ALEC in Center Square: Why Illinois Doesn’t Rival Prosperous Arizona
A growing number of states are pushing back on Washington’s big government agenda.
Jonathan Williams, ALEC Executive Vice President, Policy and Chief Economist, was recently featured in Center Square, speaking about the economic prosperity of Arizona compared to states like Illinois.
The American Legislative Exchange Council said Arizona closely followed the principles outlined in their yearly report “Rich States, Poor States,” including dropping the flat tax rate to 2.5% and saving families $350 a year.
In the latest edition of ALEC’s economic competitiveness report, Illinois ranked 45th in the country.
Chief Economist Jonathan Williams said Illinois’ property taxes are too high, and the fact that it is not a right-to-work state also is damaging.
“You’ve seen from many of your surrounding states in recent years, that can be all the difference in the world between manufacturing and new economic development coming into a state rather than going somewhere else,” Williams said.
Williams said millions of individuals and businesses voted with their feet and moved from high-tax states like Illinois to Arizona, which fueled the economy with record revenues that exceeded projections, allowing for additional tax cuts.
ALEC’s principles of taxation are simplicity, transparency, economic neutrality, equity and fairness, complementary, competitiveness, and reliability.
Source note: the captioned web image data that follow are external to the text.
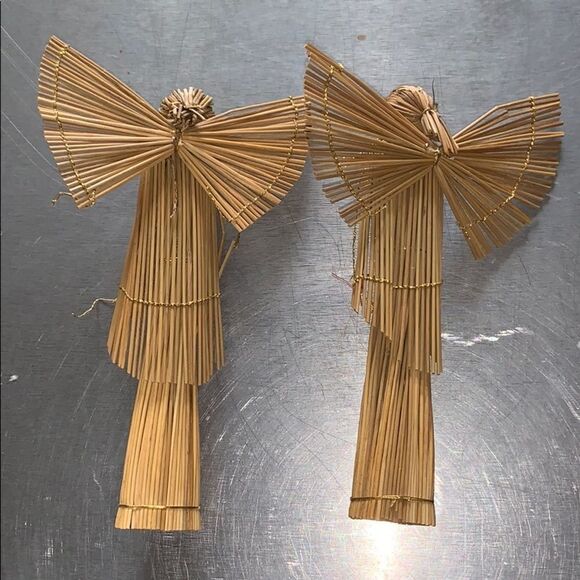 Vintage straw Christmas angels - Picture 4 of 7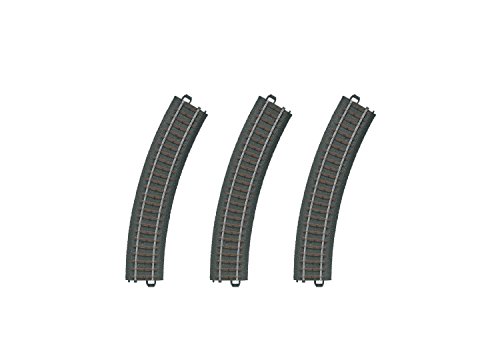 Märklin Start up 20130 - Modelleisenbahn Gleise gebogen Radius R1 / 30° (Inhalt: 3X 24130) - Spur H0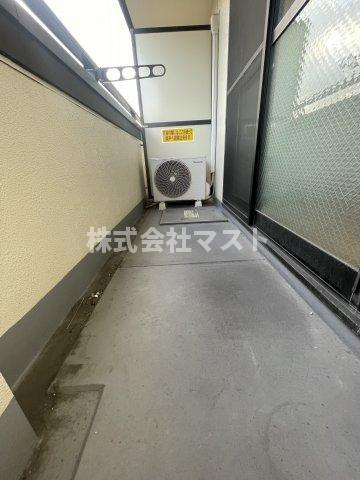 レジナコートのバルコニー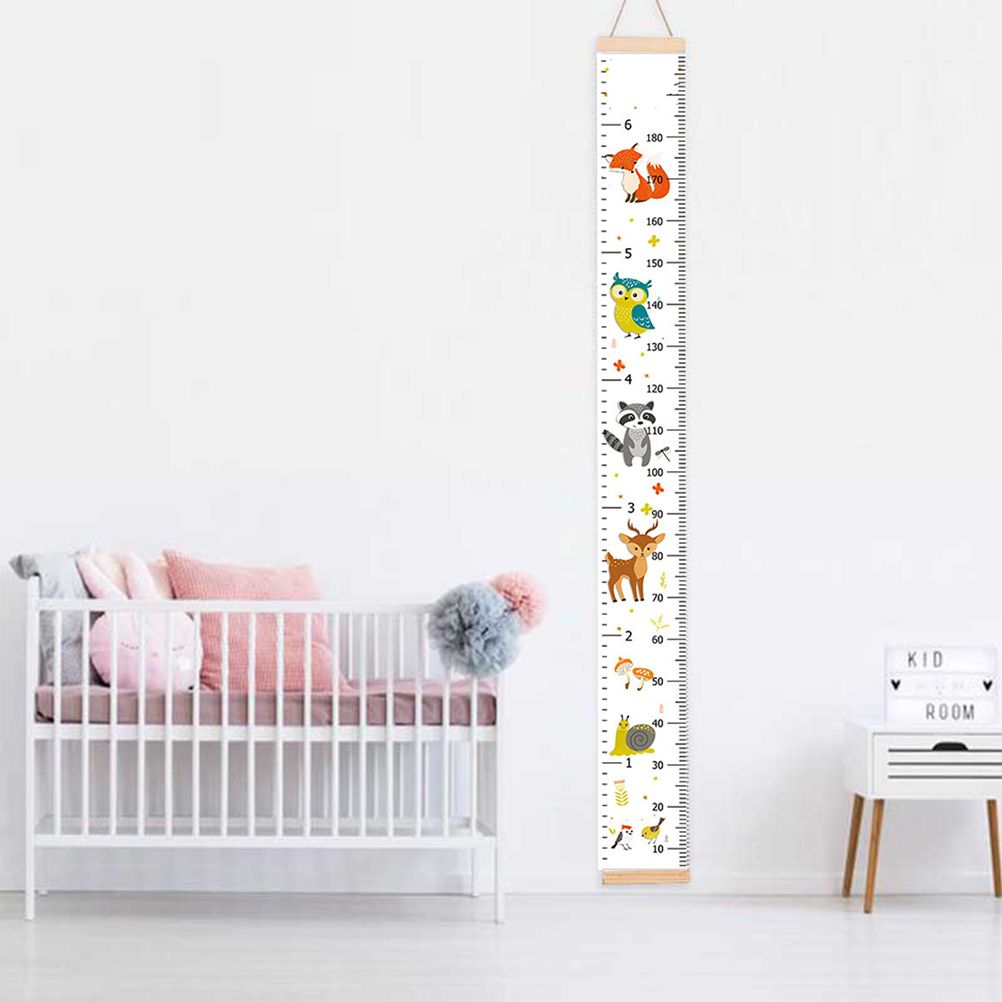 Baby Growth Height Chart Wall Ruler Stickers Decals for Kids Boys Wall Ruler for Children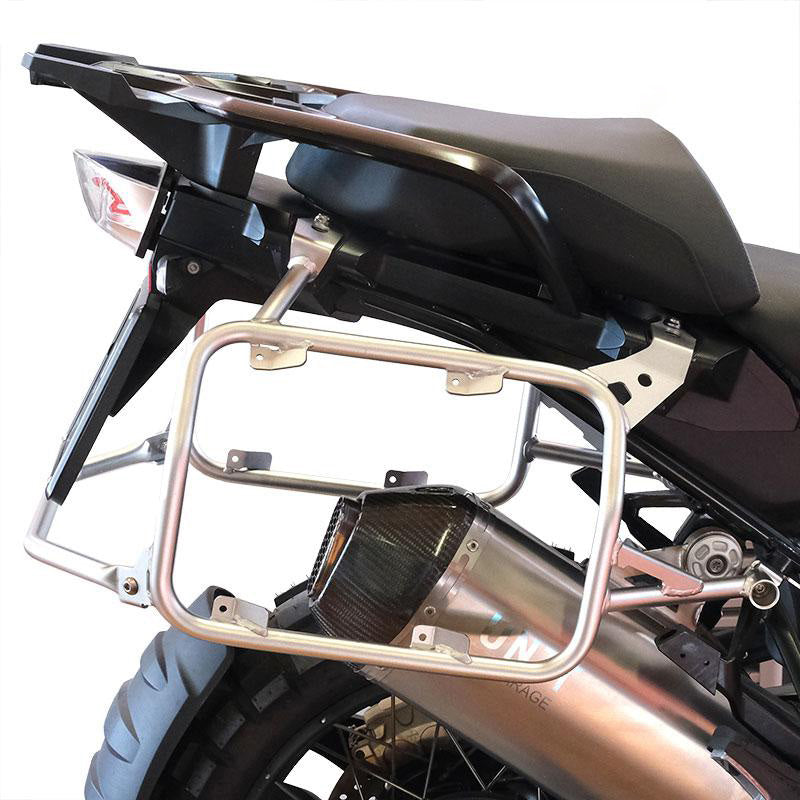 BMW R 1200 GS ADV LC [2014-2018] - Cult Canvas-Seitentaschenpaar 40–50L + Alu-Platten + Taschenrahmen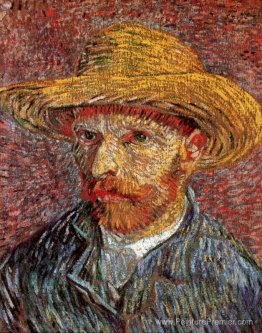 Autoportrait avec un chapeau de paille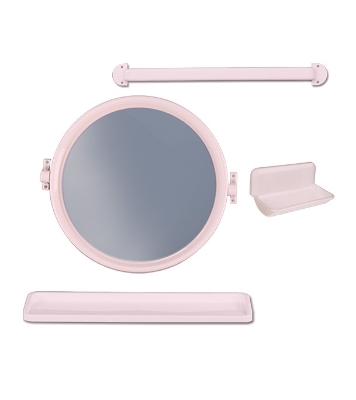 Picture of ABS Round Basin Mirror Light Pink - 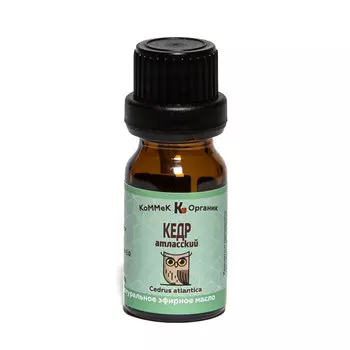 Эфирное масло Кедр Атласский Коммек Органик Натуральное 10 мл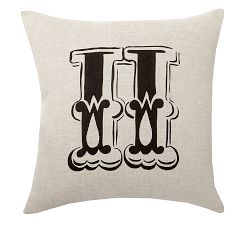 Personalized Alphabet Linen Pillow Cover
“A growing number of states are pushing back on Washington’s big government agenda and its harmful byproduct of damaging inflation by adopting tax reforms based on the ALEC Principles of Taxation,” Williams said. “The key policy lessons, outlined for 15 years in our annual report, ‘Rich States, Poor States’, give policymakers a nonpartisan, good government roadmap to live within their means, reduce onerous government regulations, and reduce tax burdens for hardworking American taxpayers.”